Bloqueando los efectos de los microbios nocivos es también una vía potencial para la terapéutica. El año pasado, el grupo de Hazens informó que habían identificado un compuesto, la fluorometilcolina (FMC), que bloquea la acción de las enzimas microbianas generadoras de TMA sin matar a los insectos. La dosificación de ratones con FMC redujo los niveles de TMA y TMAO en la sangre de los animales e hizo que sus plaquetas fueran menos propensas a la coagulación en comparación con las de los ratones de control, por lo que el equipo continúa con las pruebas preclínicas del compuesto.

Los científicos continúan para encontrar nuevas conexiones entre el microbioma y la salud cardiovascular, cada una con sus propias implicaciones terapéuticas. Por ejemplo, los estudios en animales han encontrado que los ácidos grasos de cadena corta que las bacterias producen cuando descomponen la fibra interactúan con los receptores de las células huésped para regular la presión arterial. Y aunque el microbioma está lejos de ser el único mediador de la salud cardiovascular, los investigadores en el campo sospechan que hay muchos más vínculos por descubrir.

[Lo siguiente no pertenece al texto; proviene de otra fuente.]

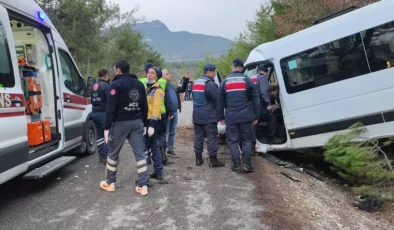 Karabük’te öğrenci minibüsü kontrolden çıktı: Çok sayıda yaralı var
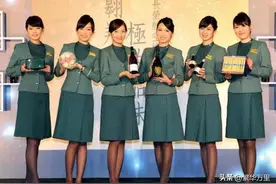 台湾省2340多万人，医生和教师，一个月工资有多少钱？图片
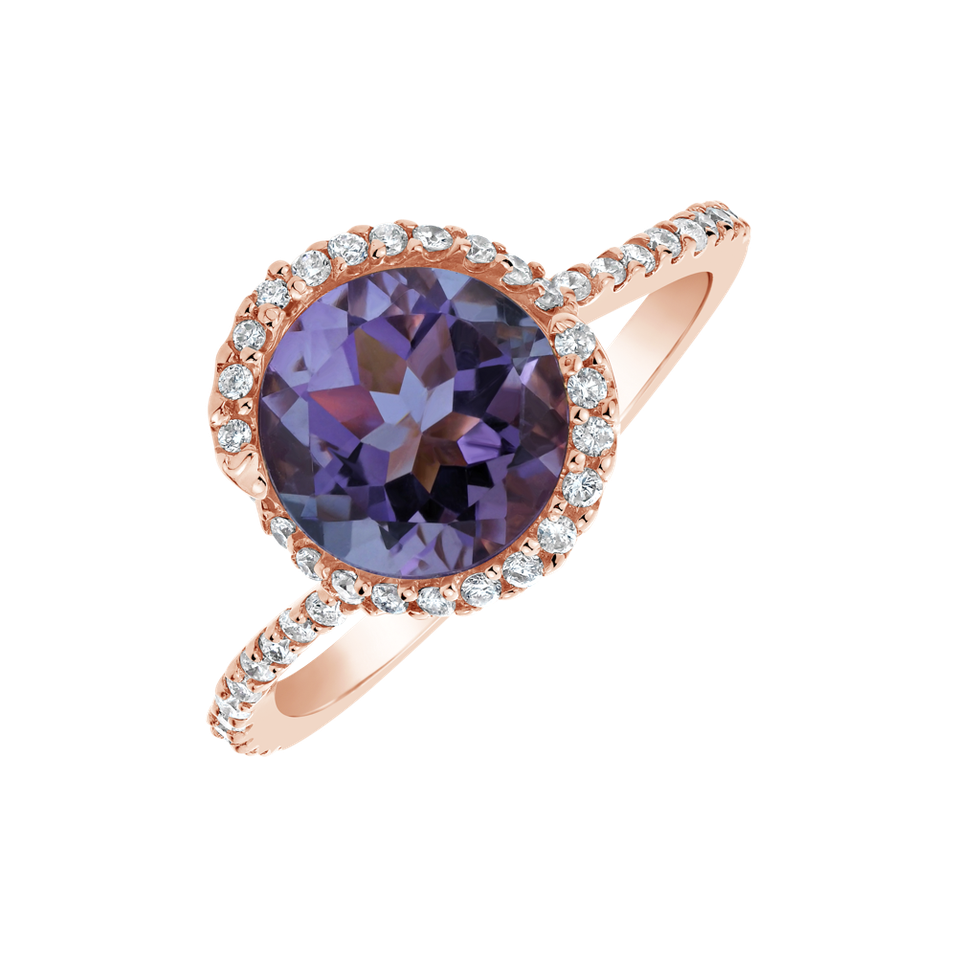 Diamond ring with Amethyst Spira Magica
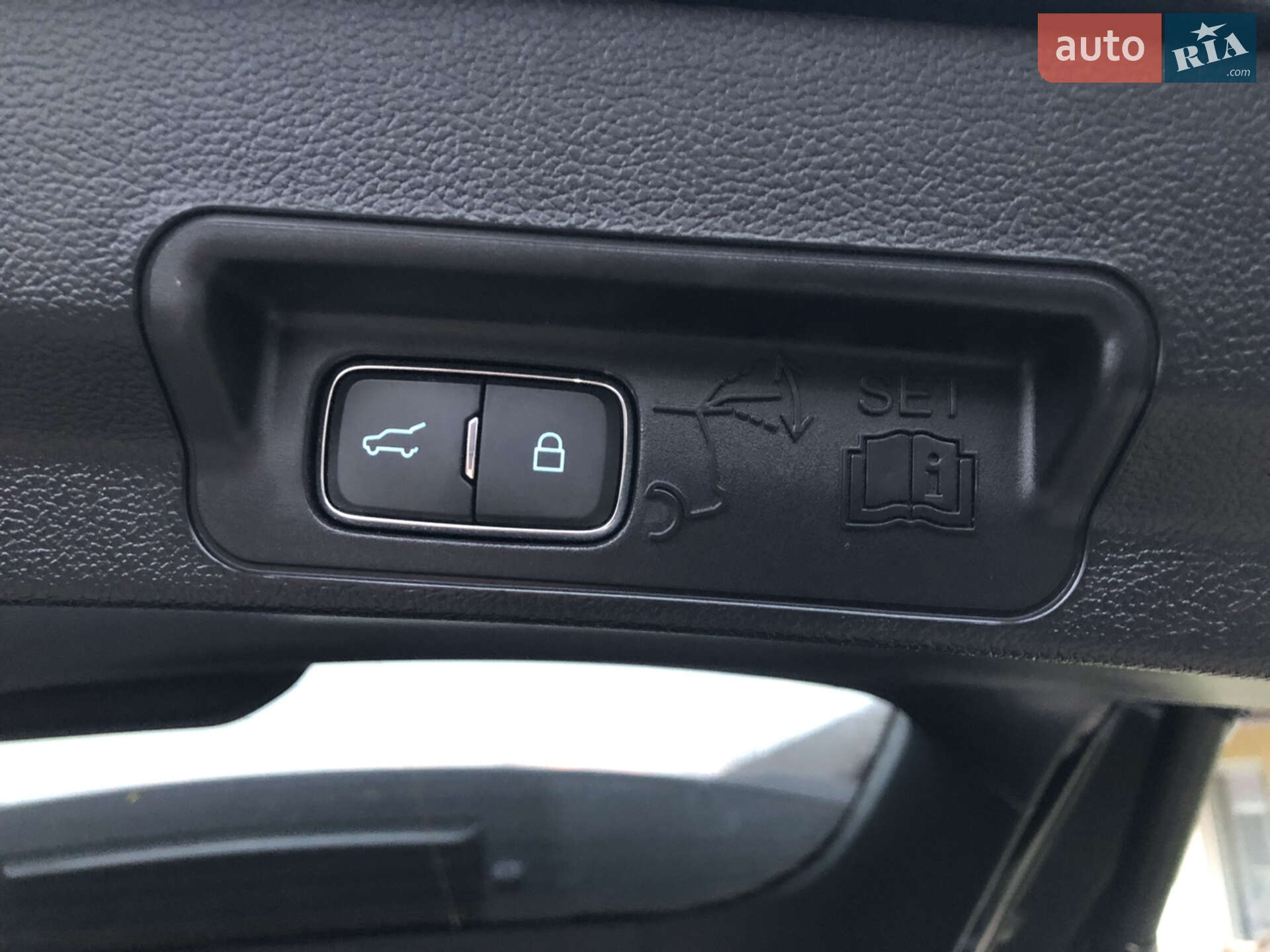 Ford Explorer 2021 VIN 1FM5K8HC4MGB01242 фото оголошення 18 з 18
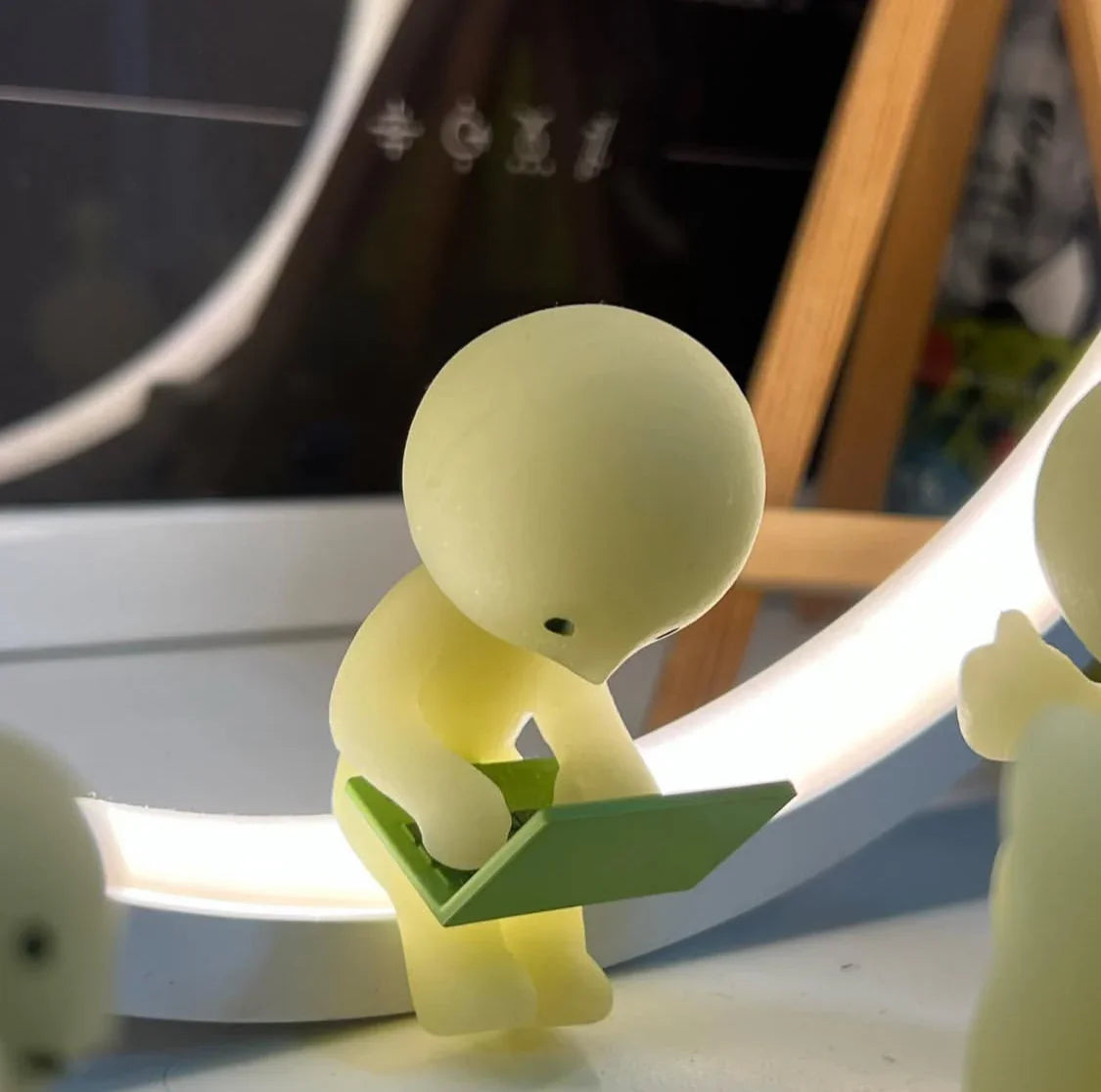 SMISKI Work Series Mini Figure
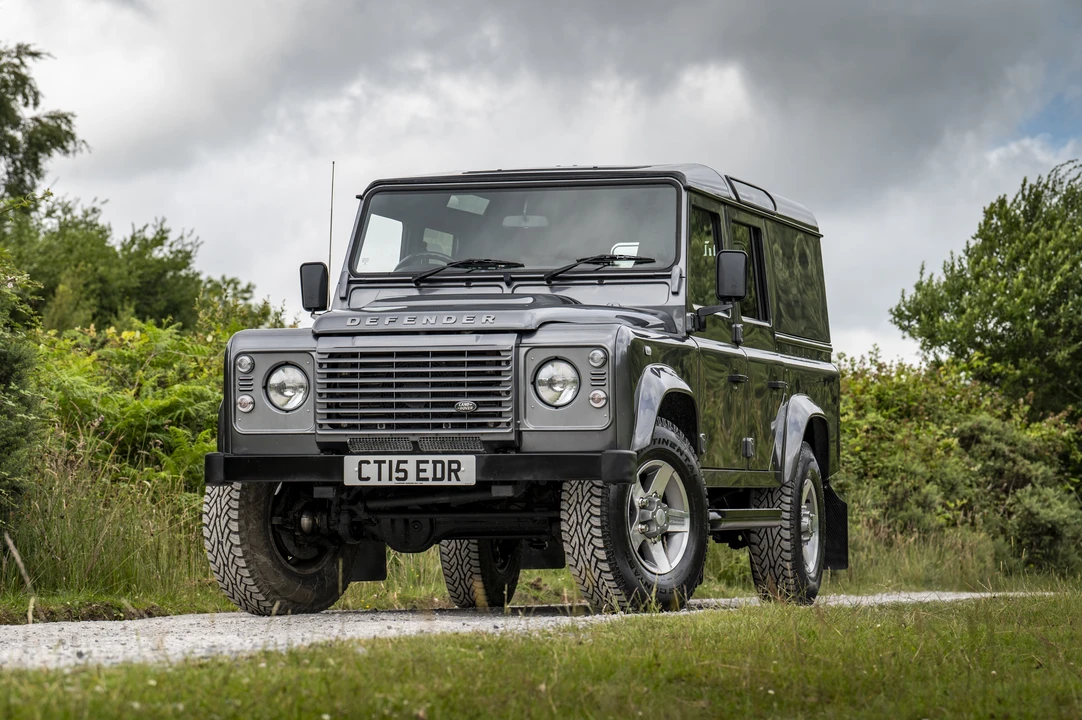 2015 Land Rover Defender 110 - Image 8 of 31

Hazen compara los comienzos de su investigación relacionada con el microbioma, que comenzó en 2007, a la escena de Men in Black II cuando los personajes principales descubren toda una sociedad de extraterrestres que viven dentro de un casillero de tamaño modesto en Grand Central Terminal. A medida que surjan más hallazgos, dice, el microbioma intestinal terminará siendo y estoy convencido de que es nuestro órgano más importante.